The state security secretary of Rio de Janeiro will step down from his post, according to an aide, as violence and crime rebound in the Brazilian city and erase many of the gains made during the near-decade he was in the job.
Jose Mariano Beltrame, a former police officer who was lauded in recent years because of reduced violence and inroads against criminal gangs in Rio, met on Monday with the state governor and was expected to formalize his departure on Tuesday, the aide to Beltrame said.
The aide spoke on condition of anonymity due to not being authorized to discuss the matter publicly.
Beltrame brought more stability to once-dangerous slums and paved the way for Rio to host the 2014 World Cup and the recent Olympic Games but in recent months has increasingly criticized a lack of resources and political commitment by the state government.

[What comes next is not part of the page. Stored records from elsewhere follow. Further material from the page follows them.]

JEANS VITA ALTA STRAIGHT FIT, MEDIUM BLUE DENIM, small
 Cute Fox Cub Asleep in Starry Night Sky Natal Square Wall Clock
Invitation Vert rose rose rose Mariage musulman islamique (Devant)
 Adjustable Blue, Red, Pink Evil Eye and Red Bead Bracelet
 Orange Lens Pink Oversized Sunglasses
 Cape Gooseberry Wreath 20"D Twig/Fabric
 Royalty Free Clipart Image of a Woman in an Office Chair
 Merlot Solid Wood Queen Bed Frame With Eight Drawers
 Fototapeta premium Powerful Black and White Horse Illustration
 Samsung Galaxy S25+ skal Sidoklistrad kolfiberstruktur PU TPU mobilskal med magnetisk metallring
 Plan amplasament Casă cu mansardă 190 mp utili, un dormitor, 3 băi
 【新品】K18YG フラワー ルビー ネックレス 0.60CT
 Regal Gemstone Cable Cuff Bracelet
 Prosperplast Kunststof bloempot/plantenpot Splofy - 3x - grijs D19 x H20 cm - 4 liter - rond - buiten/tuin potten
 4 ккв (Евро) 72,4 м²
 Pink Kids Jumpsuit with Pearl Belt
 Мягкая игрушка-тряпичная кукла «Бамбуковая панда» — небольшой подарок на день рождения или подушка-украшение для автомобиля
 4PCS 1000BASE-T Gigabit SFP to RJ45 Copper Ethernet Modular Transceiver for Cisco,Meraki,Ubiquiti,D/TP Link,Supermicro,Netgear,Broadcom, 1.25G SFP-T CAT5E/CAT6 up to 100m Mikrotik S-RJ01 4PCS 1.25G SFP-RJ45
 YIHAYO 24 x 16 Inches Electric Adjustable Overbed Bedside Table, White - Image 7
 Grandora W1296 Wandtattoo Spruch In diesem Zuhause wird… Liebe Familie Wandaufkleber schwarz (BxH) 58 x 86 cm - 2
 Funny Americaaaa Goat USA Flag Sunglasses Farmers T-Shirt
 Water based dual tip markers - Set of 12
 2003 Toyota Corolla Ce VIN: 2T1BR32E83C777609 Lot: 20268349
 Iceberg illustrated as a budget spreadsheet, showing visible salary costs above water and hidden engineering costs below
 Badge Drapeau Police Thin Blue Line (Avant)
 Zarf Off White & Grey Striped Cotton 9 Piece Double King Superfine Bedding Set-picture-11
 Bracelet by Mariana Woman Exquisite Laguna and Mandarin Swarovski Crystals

After an economic boom and heavy investment across Rio, Brazil's best-known and second-largest city, the state is now slashing its security budget and other public expenditures because of a financial crisis and the country's worst recession since the Great Depression.
Falling tax revenue, combined with lower royalties from Rio's offshore oil fields, will cause a 2016 state deficit of as much as 20 billion reais ($6.23 billion), according to government figures.
Now, drug traffickers and other criminal gangs have grown emboldened to retake territory that the state had occupied in an ambitious effort to "pacify" large swaths of a metropolitan region of more than 12 million people that for decades had been fully controlled by outlaws.
On Tuesday, a daylong gun battle waged between state police and suspected traffickers in the community of Pavão-Pavãozinho, a hillside slum that overlooks some of Rio's wealthiest districts.
At least three of the suspects were killed and several policemen were injured in the fighting, which rattled the Southern Zone of Rio, home to its most popular beaches and tourist sites.
A video filmed by an onlooker and broadcast by local media showed one of those shot by police plummeting to his death down a steep hillside on the outer edge of the slum.
Also on Monday, fighting around Cidade de Deus, another well-known slum, led local officials to close 21 schools, causing 8000 children to miss class.